Navies Consider Response to Seabed Warfare Risk

A Royal Netherlands Navy (RNLN) Alkmaar-/Tripartite-class minehunter (centre) transits with Standing NATO Mine Counter Measures Group 1 (SNMCMG1) in 2014. The RNLN’s new MCM vessels could provide a future platform for seabed warfare capability. (NATO Maritime Command)
A Royal Netherlands Navy (RNLN) Alkmaar-/Tripartite-class minehunter (centre) transits with Standing NATO Mine Counter Measures Group 1 (SNMCMG1) in 2014. The RNLN’s new MCM vessels could provide a future platform for seabed warfare capability. (NATO Maritime Command)

The emergence of seabed warfare as a strategic, political, and operational risk for Western countries is prompting navies to consider capability requirements, and the importance of co-operation, in addressing this risk.

Speaking to the Undersea Defence Technology 2022 conference in Rotterdam, Netherlands in early June, Rear Admiral Huub Hulsker, the Royal Netherlands Navy’s (RNLN’s) deputy commander, discussed how the threat to underwater cables and wider seabed critical national infrastructure in the North Sea is becoming a security challenge for the Netherlands.

“We must protect vulnerable installations and cables as best as possible, and we must monitor potential opponents closely and, if necessary, disrupt their activities in order to prevent undesirable damage to our vital infrastructure,” he said.

While the RNLN has no specialist seabed warfare ships in its current or planned future inventory, RAdm Hulsker noted that the navy’s new mine-countermeasures vessel (MCMV) programme could – in the future – provide platforms for embarking capability ‘toolboxes’ designed to tackle seabed risks. In mid-June, the keel for the RNLN’s first future MCMV was laid in Vlissingen, Netherlands.

“The question should not be whether the RNLN or any navy’s capabilities should be brought to bear to face this challenge, but what capabilities are needed,” Jeroen de Jonge, Naval Programmes business director at TNO (the Netherlands’ scientific innovation organisation) and a former RNLN officer, told the conference.
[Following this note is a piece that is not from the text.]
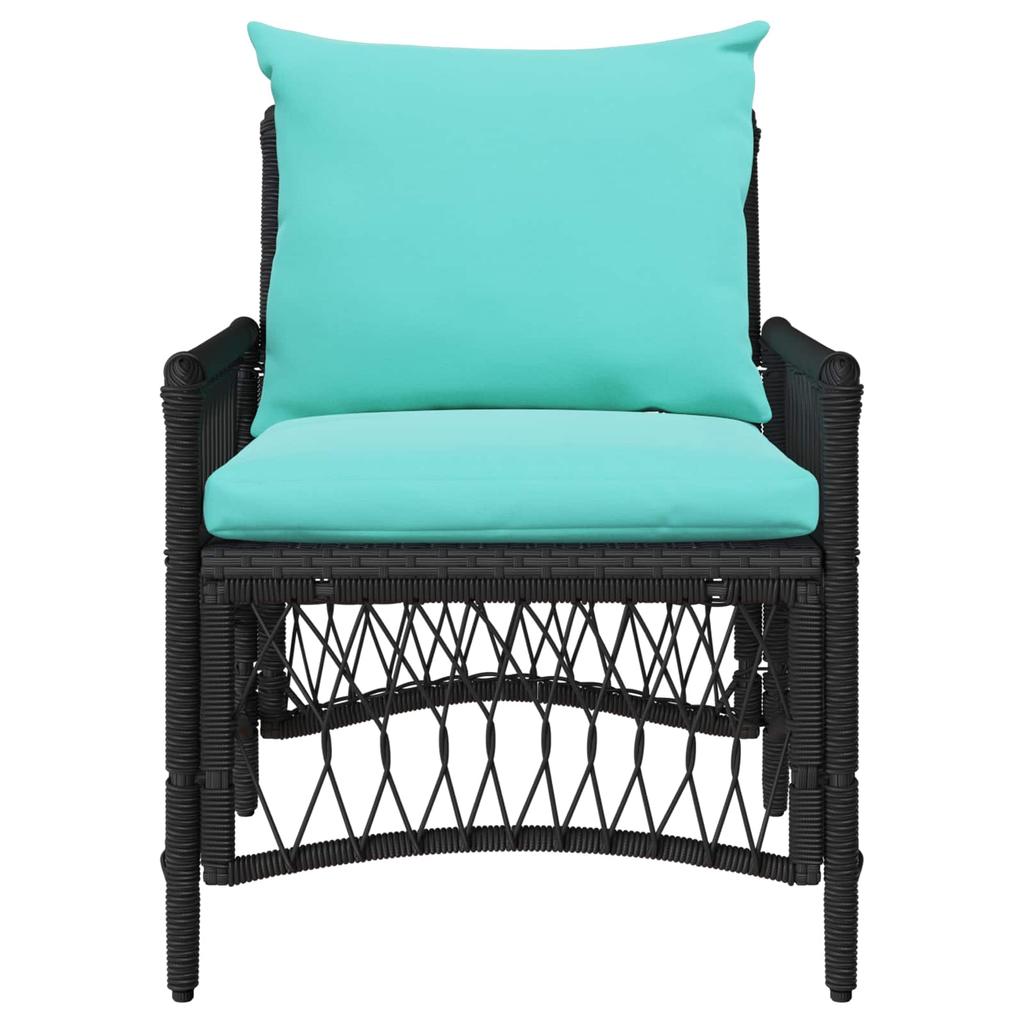 Garden Chair with Cushion Black 73 x 61 x 77 cm Poly Rattan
“That means it’s the combined capabilities of industries – the civilian sector, the oil and gas sector, the industries that lay these data cables – but also the government that is responsible for setting the requirements for those systems. When you combine that with the ‘sharp end’ of the capability that navies provide, I think then you are getting close to the answer.”
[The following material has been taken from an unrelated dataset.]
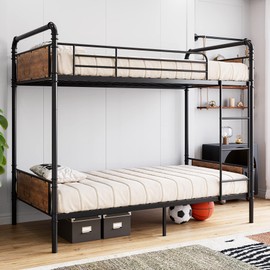 GAOMON Bunk Bed Twin Over Twin,Metal Bunkbeds with Ladders & 16.6" Safety Guardrail,Twin Bunk Beds for Kids,Adults and Small Spaces,No Box Spring Needed,Black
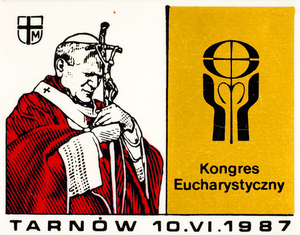 Zdjęcie 035. Przypinka o treści: Kongres Eucharystyczny TARNÓW 10.VI.1987.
“If you then focus on what naval capabilities can bring to bear, you need persistence, precision, and performance,” de Jonge continued. “We are working quite hard with the navies to try to get that.”

“Persistence is perhaps the key because, as soon as you go home to refuel for example, then your adversary might think it is a very good opportunity to place something on the seabed again,” de Jonge added. “So, how do you acquire persistence; that would be my question to this eminent audience.”